第172毛 フェイタス
景色が変わる。
シ「…聞いてはいたが、まさに一瞬だな」
エ「転移がもたつくと『転移酔い』等の症状にも繋がるので、特に大規模ポタールは、精度が抜群です」
シ「なるほど」
エ「さぁ着きました。バンテリン共和国です」
ネイチャー王国とは異なり、工業都市のような印象をシゲルは受ける。
シ「王国は、私のセカイでいう『ヨーロッパ』のような、歴史的建造物が溢れる街に見えたが、こちらは、活気の具合が王国とは少し違うな」
エ「勇者様のおセカイでも、似た雰囲気の街や国があるのですね。
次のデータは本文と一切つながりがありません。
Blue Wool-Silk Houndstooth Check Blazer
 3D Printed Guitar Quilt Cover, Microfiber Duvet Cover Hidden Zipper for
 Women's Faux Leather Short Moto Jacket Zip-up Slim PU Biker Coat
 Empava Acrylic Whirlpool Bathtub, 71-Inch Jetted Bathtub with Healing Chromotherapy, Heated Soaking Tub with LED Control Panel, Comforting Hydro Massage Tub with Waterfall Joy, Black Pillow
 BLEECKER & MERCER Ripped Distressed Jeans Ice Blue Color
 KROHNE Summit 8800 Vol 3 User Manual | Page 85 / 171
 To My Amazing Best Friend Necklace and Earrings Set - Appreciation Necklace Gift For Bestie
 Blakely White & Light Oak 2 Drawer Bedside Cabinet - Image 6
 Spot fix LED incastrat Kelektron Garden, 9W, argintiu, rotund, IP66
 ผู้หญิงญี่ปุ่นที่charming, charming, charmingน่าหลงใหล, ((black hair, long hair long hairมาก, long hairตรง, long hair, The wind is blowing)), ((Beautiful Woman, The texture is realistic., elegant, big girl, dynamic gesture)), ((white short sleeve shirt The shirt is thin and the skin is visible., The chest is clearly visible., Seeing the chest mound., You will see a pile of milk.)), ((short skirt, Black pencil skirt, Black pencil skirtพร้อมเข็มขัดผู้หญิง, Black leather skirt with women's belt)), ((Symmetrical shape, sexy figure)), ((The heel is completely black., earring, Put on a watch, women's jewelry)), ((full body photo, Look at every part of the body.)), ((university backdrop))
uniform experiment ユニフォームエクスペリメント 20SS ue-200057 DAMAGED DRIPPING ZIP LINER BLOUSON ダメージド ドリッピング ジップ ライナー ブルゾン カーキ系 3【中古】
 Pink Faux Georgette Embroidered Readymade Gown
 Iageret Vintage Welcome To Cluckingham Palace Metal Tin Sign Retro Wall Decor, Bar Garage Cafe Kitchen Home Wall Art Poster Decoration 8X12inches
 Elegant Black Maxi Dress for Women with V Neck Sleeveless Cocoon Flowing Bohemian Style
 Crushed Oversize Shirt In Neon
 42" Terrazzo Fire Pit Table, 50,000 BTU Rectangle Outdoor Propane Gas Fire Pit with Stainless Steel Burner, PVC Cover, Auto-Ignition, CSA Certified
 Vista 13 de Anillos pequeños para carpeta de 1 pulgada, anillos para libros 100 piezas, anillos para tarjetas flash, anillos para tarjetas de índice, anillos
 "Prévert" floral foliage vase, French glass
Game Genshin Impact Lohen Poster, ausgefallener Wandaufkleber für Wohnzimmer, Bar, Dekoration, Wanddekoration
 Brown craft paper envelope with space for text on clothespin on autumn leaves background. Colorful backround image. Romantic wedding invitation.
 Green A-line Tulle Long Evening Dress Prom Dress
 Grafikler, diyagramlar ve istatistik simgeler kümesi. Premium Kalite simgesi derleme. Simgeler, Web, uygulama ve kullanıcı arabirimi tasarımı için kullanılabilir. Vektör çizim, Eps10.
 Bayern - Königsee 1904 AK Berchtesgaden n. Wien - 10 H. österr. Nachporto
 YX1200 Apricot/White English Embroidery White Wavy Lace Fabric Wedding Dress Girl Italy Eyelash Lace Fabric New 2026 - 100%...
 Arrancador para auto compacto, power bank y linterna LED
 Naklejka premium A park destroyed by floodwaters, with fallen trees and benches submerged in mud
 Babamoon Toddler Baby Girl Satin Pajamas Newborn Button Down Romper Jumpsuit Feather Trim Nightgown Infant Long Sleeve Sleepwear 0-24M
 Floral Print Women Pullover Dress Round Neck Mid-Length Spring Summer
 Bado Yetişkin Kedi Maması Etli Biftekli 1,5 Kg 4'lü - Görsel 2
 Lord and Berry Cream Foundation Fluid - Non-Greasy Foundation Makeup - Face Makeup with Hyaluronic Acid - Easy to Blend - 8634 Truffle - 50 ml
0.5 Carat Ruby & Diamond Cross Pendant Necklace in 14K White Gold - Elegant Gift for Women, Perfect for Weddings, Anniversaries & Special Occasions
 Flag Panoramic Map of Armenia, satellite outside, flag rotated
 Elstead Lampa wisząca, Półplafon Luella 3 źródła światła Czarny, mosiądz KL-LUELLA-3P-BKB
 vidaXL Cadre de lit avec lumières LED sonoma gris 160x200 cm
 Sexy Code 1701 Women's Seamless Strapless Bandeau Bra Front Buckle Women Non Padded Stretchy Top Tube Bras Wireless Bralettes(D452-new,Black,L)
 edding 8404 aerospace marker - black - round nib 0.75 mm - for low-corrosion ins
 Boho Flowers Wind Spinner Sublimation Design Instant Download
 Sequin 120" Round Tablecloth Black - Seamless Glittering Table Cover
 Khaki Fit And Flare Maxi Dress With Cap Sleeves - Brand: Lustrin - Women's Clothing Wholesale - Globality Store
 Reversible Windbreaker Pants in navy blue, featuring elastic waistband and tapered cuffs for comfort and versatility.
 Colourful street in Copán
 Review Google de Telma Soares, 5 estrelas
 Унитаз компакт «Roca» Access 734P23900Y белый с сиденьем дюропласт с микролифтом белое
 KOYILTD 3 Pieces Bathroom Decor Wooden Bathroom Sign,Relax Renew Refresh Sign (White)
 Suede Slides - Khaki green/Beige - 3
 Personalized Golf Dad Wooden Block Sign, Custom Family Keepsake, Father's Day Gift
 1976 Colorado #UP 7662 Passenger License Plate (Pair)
確かに、バンテリン共和国はネイチャー王国とは趣が異なるかと」
パ「アタシはたまにしか来ないけど、こう、肉体派!!って感じの人が多いよ。シゲルや、ボールドさん、まぁラックスもそうか。そんなムキムキな人たちが、意外と繊細な仕事をしてたりするの」
シ「ほう」
街中を歩く一行。
シ「さて、ひとまず宿の確保…おや」
道の端々に、年端のいかない子どもたちが大きな荷物を抱え、立っている。中には、小さな露店のようなモノを営んでいる者もいた。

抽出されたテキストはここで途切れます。